• **Web page caption snippets**:
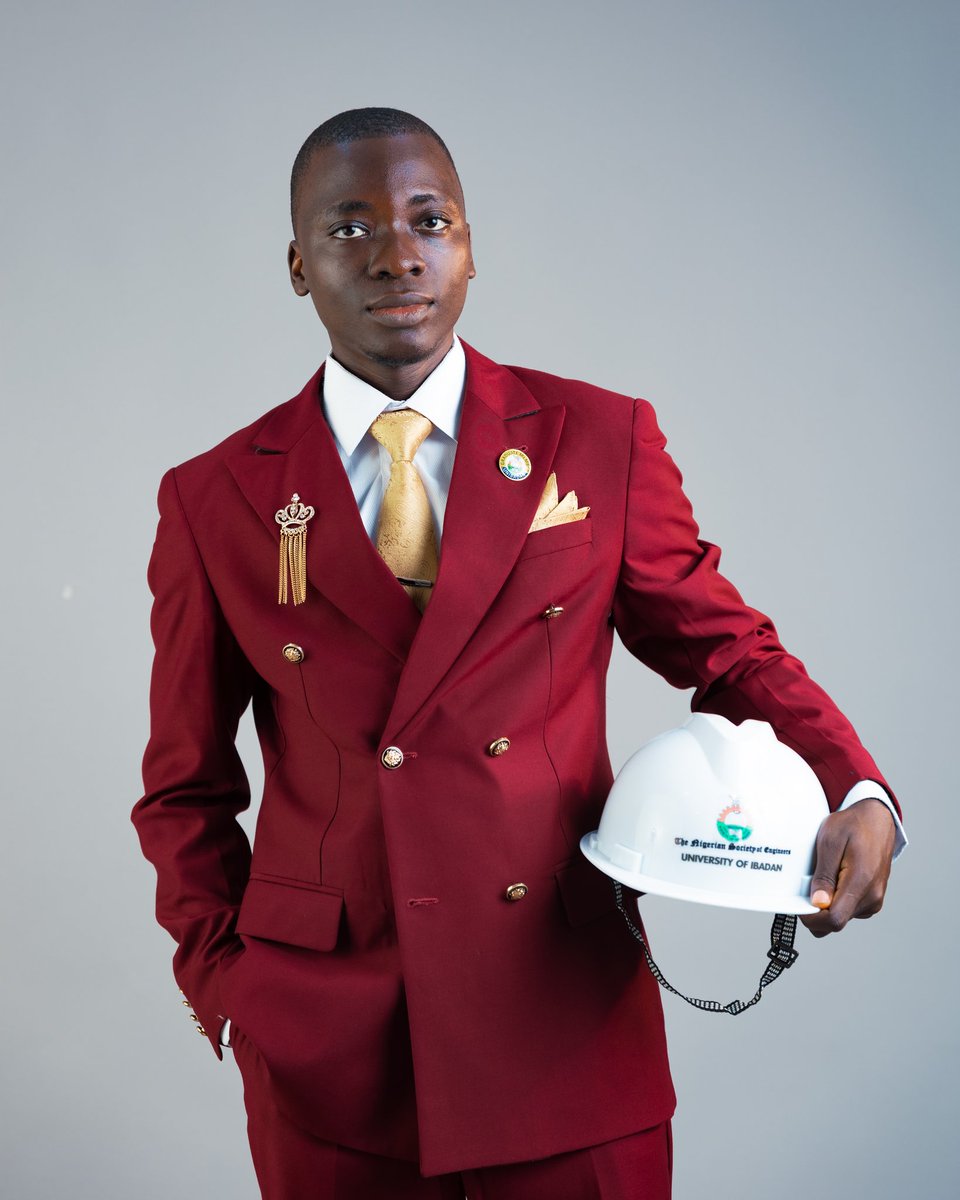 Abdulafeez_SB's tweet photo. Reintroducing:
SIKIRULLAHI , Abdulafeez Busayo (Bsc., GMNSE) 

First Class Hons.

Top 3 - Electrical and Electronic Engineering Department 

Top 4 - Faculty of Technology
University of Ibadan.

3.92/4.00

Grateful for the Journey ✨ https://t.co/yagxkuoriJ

• **Exercise brief**: Copy exactly the lines above, from the one containing "SIKIRULLAHI , Abdulafeez" through the very last line.

• **Exercise output**:
SIKIRULLAHI , Abdulafeez Busayo (Bsc., GMNSE) 

First Class Hons.

Top 3 - Electrical and Electronic Engineering Department 

Top 4 - Faculty of Technology
University of Ibadan.

3.92/4.00

Grateful for the Journey ✨ https://t.co/yagxkuoriJ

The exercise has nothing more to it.